- **What you have to do**: Give again, word for word, each line of the data from the first through the one containing "Jogging Set In". Pictures stay out.

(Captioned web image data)
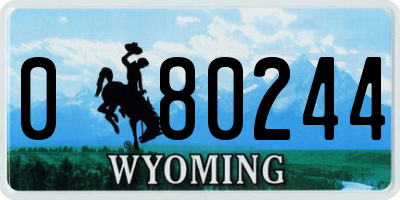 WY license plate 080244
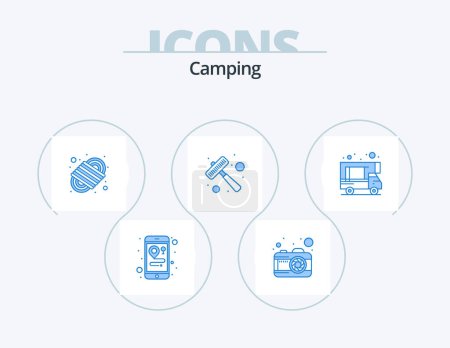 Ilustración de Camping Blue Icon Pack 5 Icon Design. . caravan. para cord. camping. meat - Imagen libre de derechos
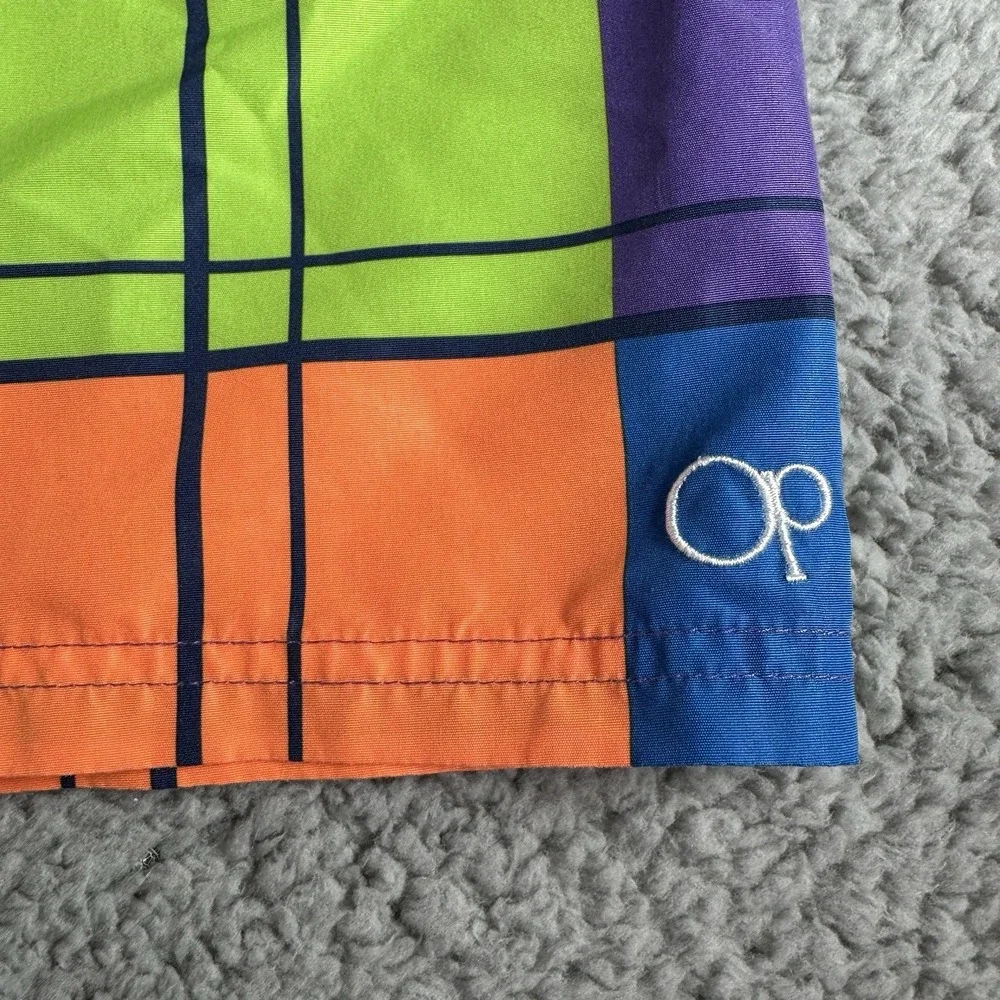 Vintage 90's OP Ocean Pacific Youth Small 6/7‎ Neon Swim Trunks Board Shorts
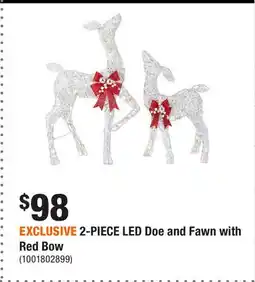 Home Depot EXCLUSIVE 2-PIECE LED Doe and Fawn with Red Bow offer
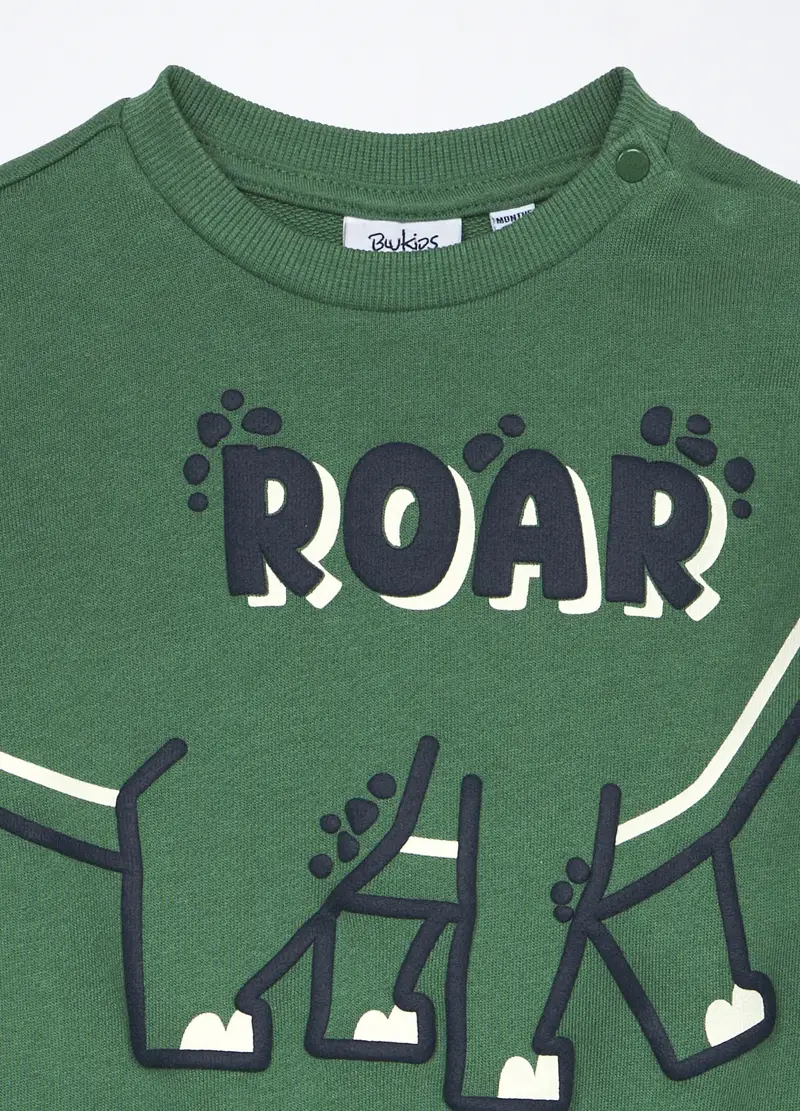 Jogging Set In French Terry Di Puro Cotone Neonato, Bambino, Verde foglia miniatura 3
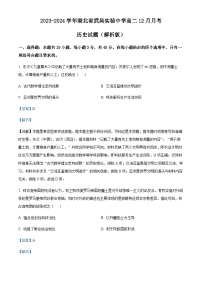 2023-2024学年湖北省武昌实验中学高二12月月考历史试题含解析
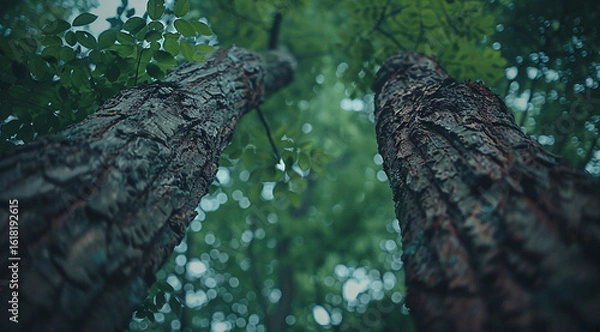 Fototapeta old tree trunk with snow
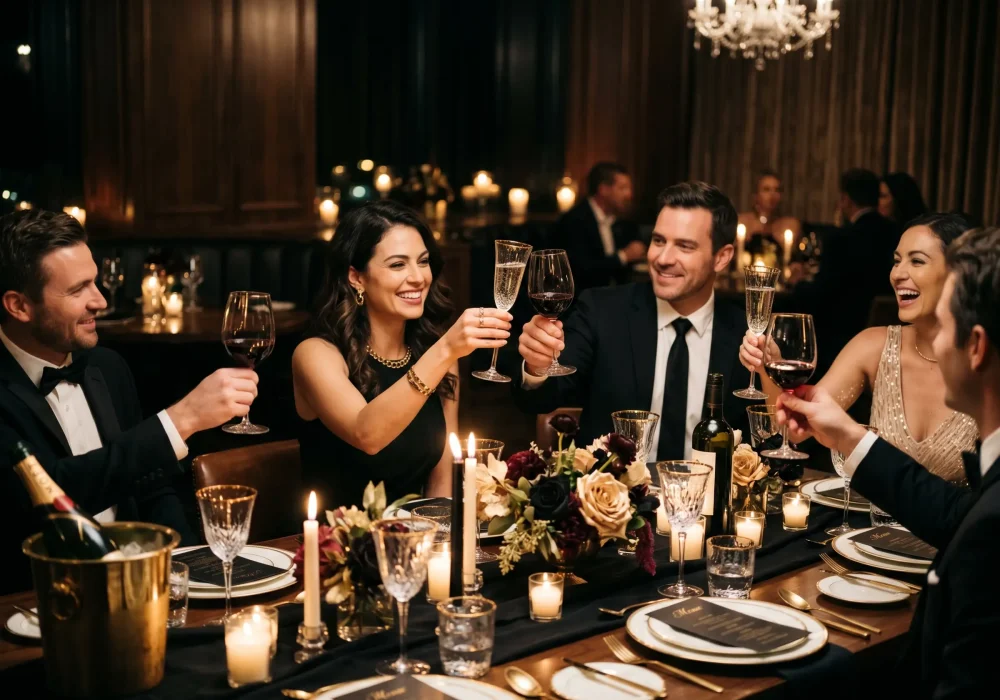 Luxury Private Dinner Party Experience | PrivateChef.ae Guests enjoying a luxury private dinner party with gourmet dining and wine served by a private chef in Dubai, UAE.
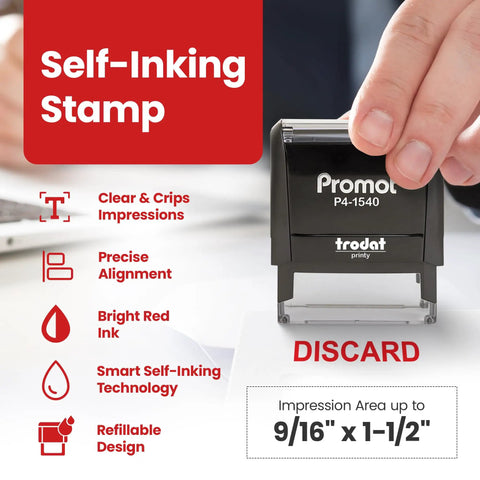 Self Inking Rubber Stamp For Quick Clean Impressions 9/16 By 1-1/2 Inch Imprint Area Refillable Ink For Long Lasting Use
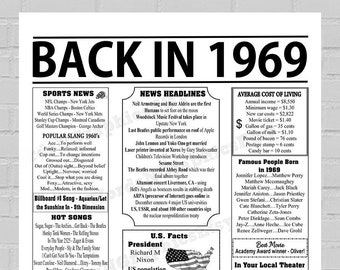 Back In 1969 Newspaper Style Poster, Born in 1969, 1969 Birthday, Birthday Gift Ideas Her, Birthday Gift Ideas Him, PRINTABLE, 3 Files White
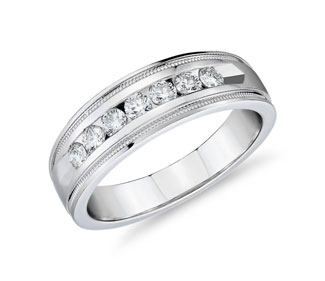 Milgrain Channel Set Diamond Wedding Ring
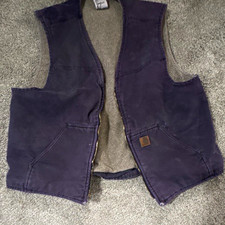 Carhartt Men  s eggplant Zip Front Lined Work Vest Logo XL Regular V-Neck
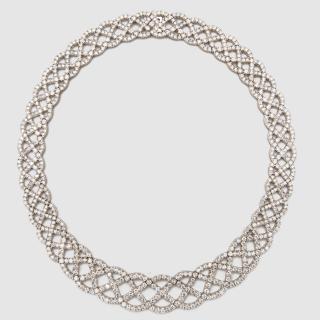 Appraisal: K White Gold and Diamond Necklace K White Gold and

- **Response to this exercise**:
 WY license plate 080244
 Ilustración de Camping Blue Icon Pack 5 Icon Design. . caravan. para cord. camping. meat - Imagen libre de derechos
 Vintage 90's OP Ocean Pacific Youth Small 6/7‎ Neon Swim Trunks Board Shorts
 Home Depot EXCLUSIVE 2-PIECE LED Doe and Fawn with Red Bow offer
 Jogging Set In French Terry Di Puro Cotone Neonato, Bambino, Verde foglia miniatura 3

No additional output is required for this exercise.